Errada, porque o item II está incorreto: nem todo processo precisa ser auditado, pois a auditoria deve priorizar riscos e relevância.
- B)Apenas os itens I e IV estão certos.
Certa, pois os itens I e IV refletem critérios adequados de priorização da auditoria interna.
- C)Apenas os itens II e III estão certos.
Errada, porque o item II é falso e o item III também é falso, já que a profundidade dos trabalhos não pode ser definida ao acaso.
- D)Apenas os itens III e IV estão certos.
Errada, porque o item III está errado e o item IV está correto.

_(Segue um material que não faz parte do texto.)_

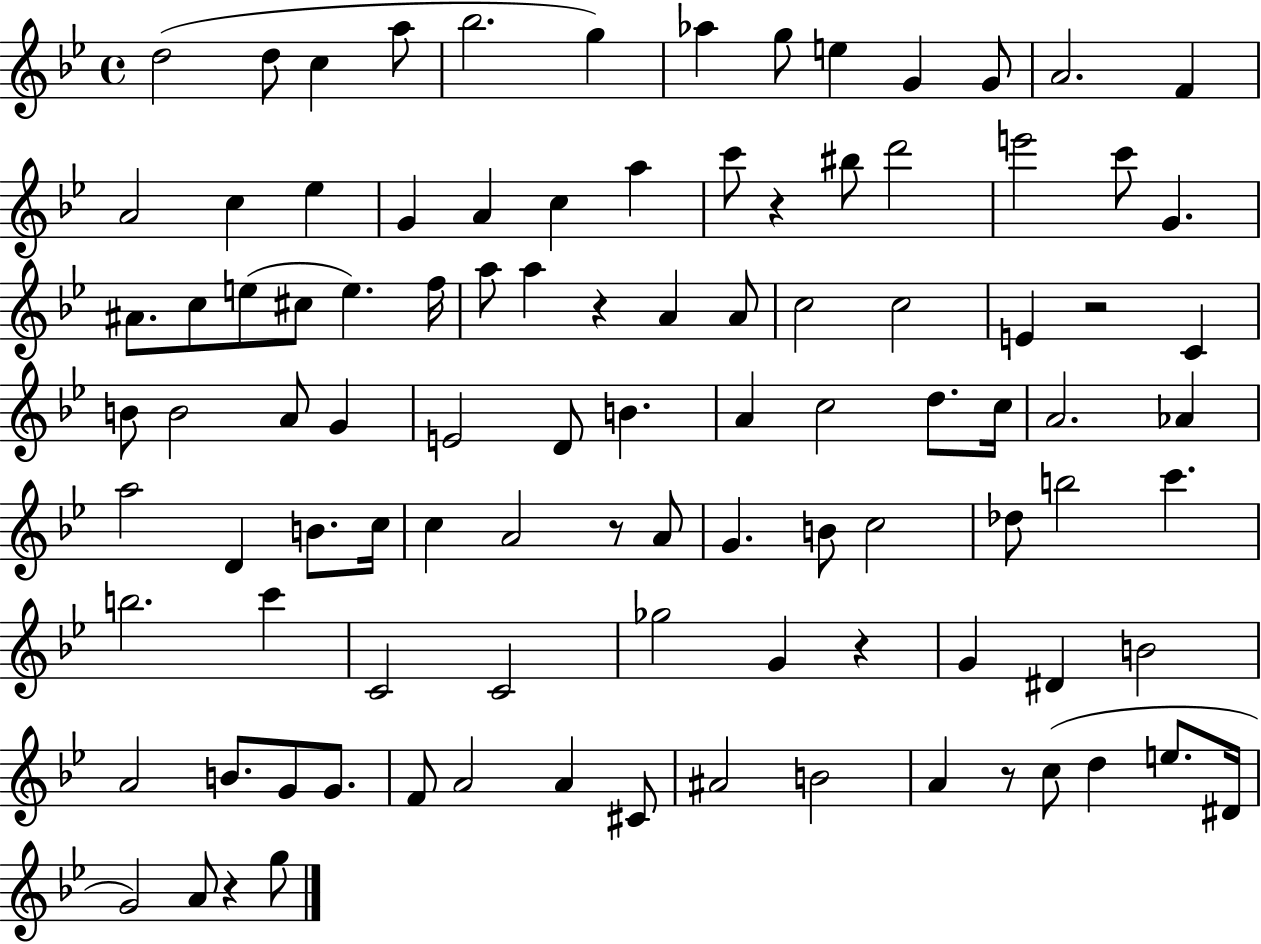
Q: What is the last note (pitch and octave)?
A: G5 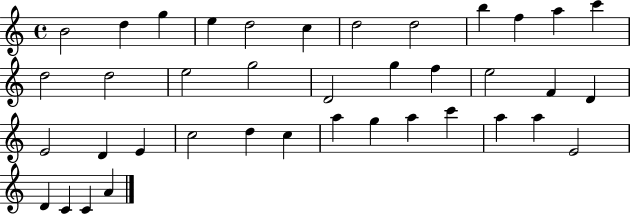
{
  \clef treble
  \time 4/4
  \defaultTimeSignature
  \key c \major
  b'2 d''4 g''4 | e''4 d''2 c''4 | d''2 d''2 | b''4 f''4 a''4 c'''4 | \break d''2 d''2 | e''2 g''2 | d'2 g''4 f''4 | e''2 f'4 d'4 | \break e'2 d'4 e'4 | c''2 d''4 c''4 | a''4 g''4 a''4 c'''4 | a''4 a''4 e'2 | \break d'4 c'4 c'4 a'4 | \bar "|."
} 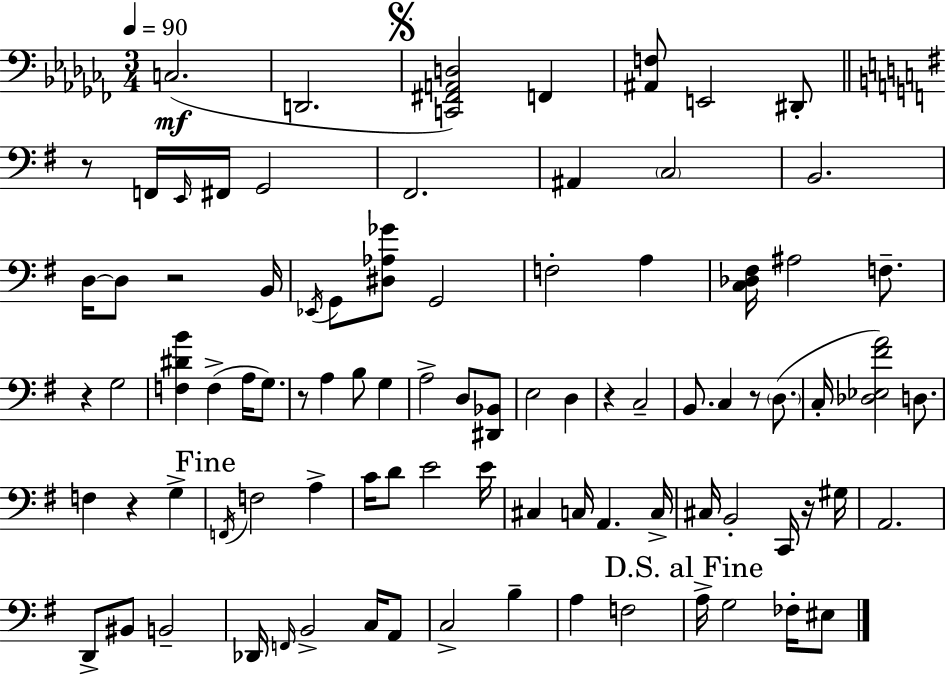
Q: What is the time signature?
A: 3/4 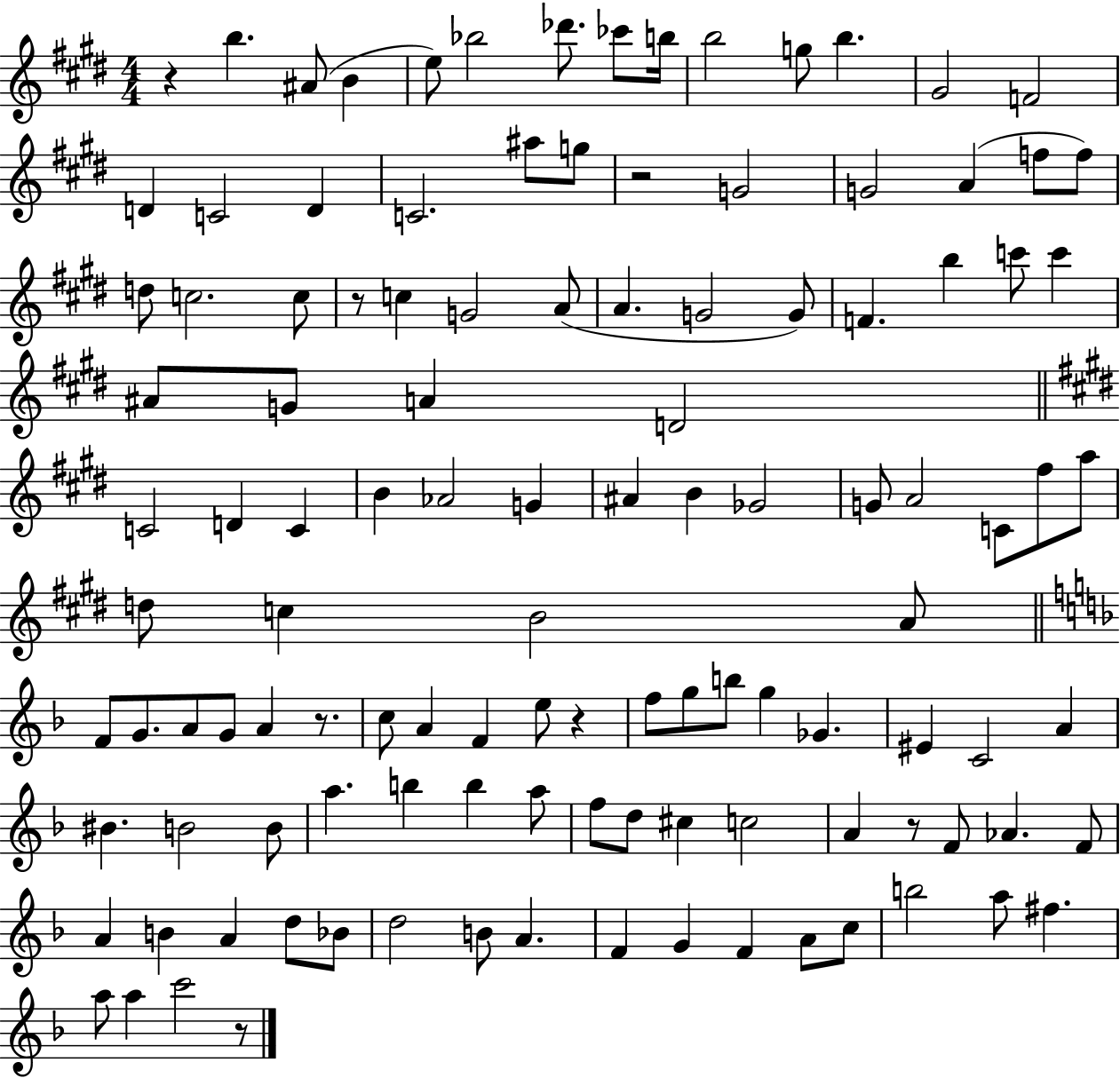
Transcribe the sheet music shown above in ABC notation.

X:1
T:Untitled
M:4/4
L:1/4
K:E
z b ^A/2 B e/2 _b2 _d'/2 _c'/2 b/4 b2 g/2 b ^G2 F2 D C2 D C2 ^a/2 g/2 z2 G2 G2 A f/2 f/2 d/2 c2 c/2 z/2 c G2 A/2 A G2 G/2 F b c'/2 c' ^A/2 G/2 A D2 C2 D C B _A2 G ^A B _G2 G/2 A2 C/2 ^f/2 a/2 d/2 c B2 A/2 F/2 G/2 A/2 G/2 A z/2 c/2 A F e/2 z f/2 g/2 b/2 g _G ^E C2 A ^B B2 B/2 a b b a/2 f/2 d/2 ^c c2 A z/2 F/2 _A F/2 A B A d/2 _B/2 d2 B/2 A F G F A/2 c/2 b2 a/2 ^f a/2 a c'2 z/2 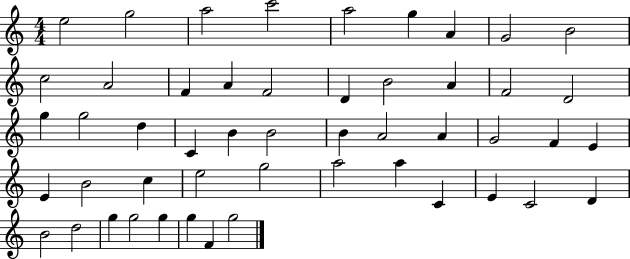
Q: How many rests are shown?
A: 0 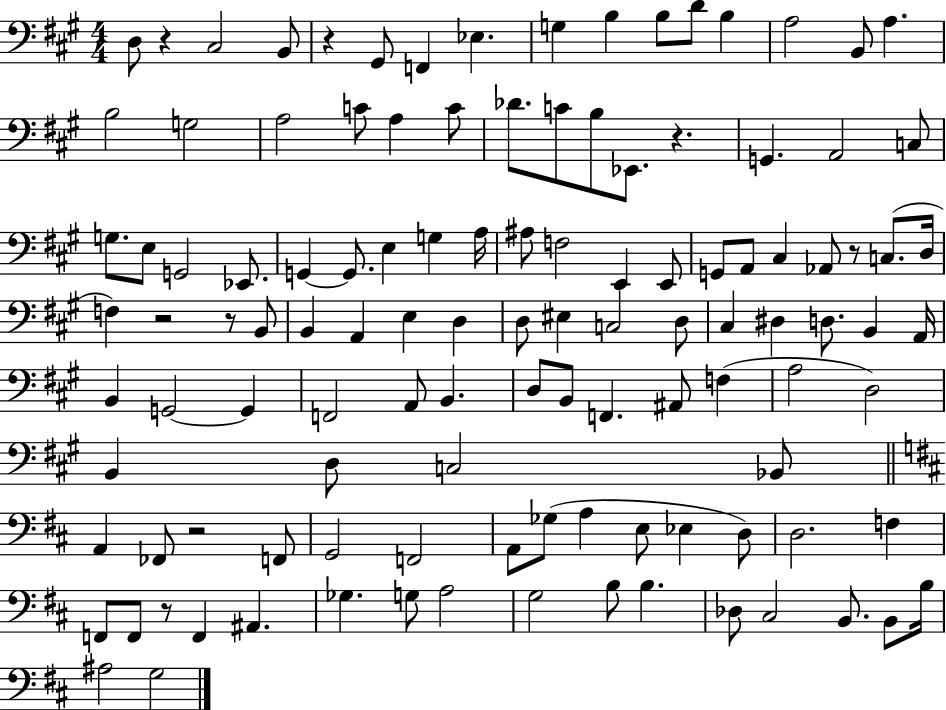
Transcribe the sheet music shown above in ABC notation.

X:1
T:Untitled
M:4/4
L:1/4
K:A
D,/2 z ^C,2 B,,/2 z ^G,,/2 F,, _E, G, B, B,/2 D/2 B, A,2 B,,/2 A, B,2 G,2 A,2 C/2 A, C/2 _D/2 C/2 B,/2 _E,,/2 z G,, A,,2 C,/2 G,/2 E,/2 G,,2 _E,,/2 G,, G,,/2 E, G, A,/4 ^A,/2 F,2 E,, E,,/2 G,,/2 A,,/2 ^C, _A,,/2 z/2 C,/2 D,/4 F, z2 z/2 B,,/2 B,, A,, E, D, D,/2 ^E, C,2 D,/2 ^C, ^D, D,/2 B,, A,,/4 B,, G,,2 G,, F,,2 A,,/2 B,, D,/2 B,,/2 F,, ^A,,/2 F, A,2 D,2 B,, D,/2 C,2 _B,,/2 A,, _F,,/2 z2 F,,/2 G,,2 F,,2 A,,/2 _G,/2 A, E,/2 _E, D,/2 D,2 F, F,,/2 F,,/2 z/2 F,, ^A,, _G, G,/2 A,2 G,2 B,/2 B, _D,/2 ^C,2 B,,/2 B,,/2 B,/4 ^A,2 G,2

- E)Todos os itens estão certos.
Errada, porque os itens II e III não estão certos.
Gabarito: B
Na auditoria interna, a escolha das prioridades não nasce do acaso: ela depende de risco, relevância e mudanças no ambiente dos processos. Se um processo sofreu alteração significativa, faz todo sentido ele entrar no radar da auditoria, porque mudança costuma mexer com controles, falhas e exposição ao risco. Por isso, o item I está certo. Já a ideia de que todo processo deve ser auditado é exagerada e não combina com a lógica da auditoria baseada em risco. Auditoria não é passeio por todos os setores com carimbo automático; ela precisa concentrar esforço onde o risco é maior, onde houve mudança relevante ou onde a administração quer mais atenção. Assim, o item II está errado. Também está errado dizer que a profundidade das análises deve ser definida aleatoriamente. O nível de testes e a profundidade dos exames precisam acompanhar o risco, a materialidade, a complexidade e a importância do objeto auditado. Aleatoriedade aqui seria quase um convite ao improviso, e auditoria não funciona no modo sorteio. O item III, portanto, está errado. Por fim, demandas e preocupações da alta administração devem mesmo ser consideradas no planejamento da auditoria interna. Isso aparece na lógica das normas e boas práticas de auditoria interna, como o enfoque baseado em riscos e alinhado aos objetivos da organização, em linha com o IPPF/IIA. Logo, o item IV está certo, e a alternativa B é a correta.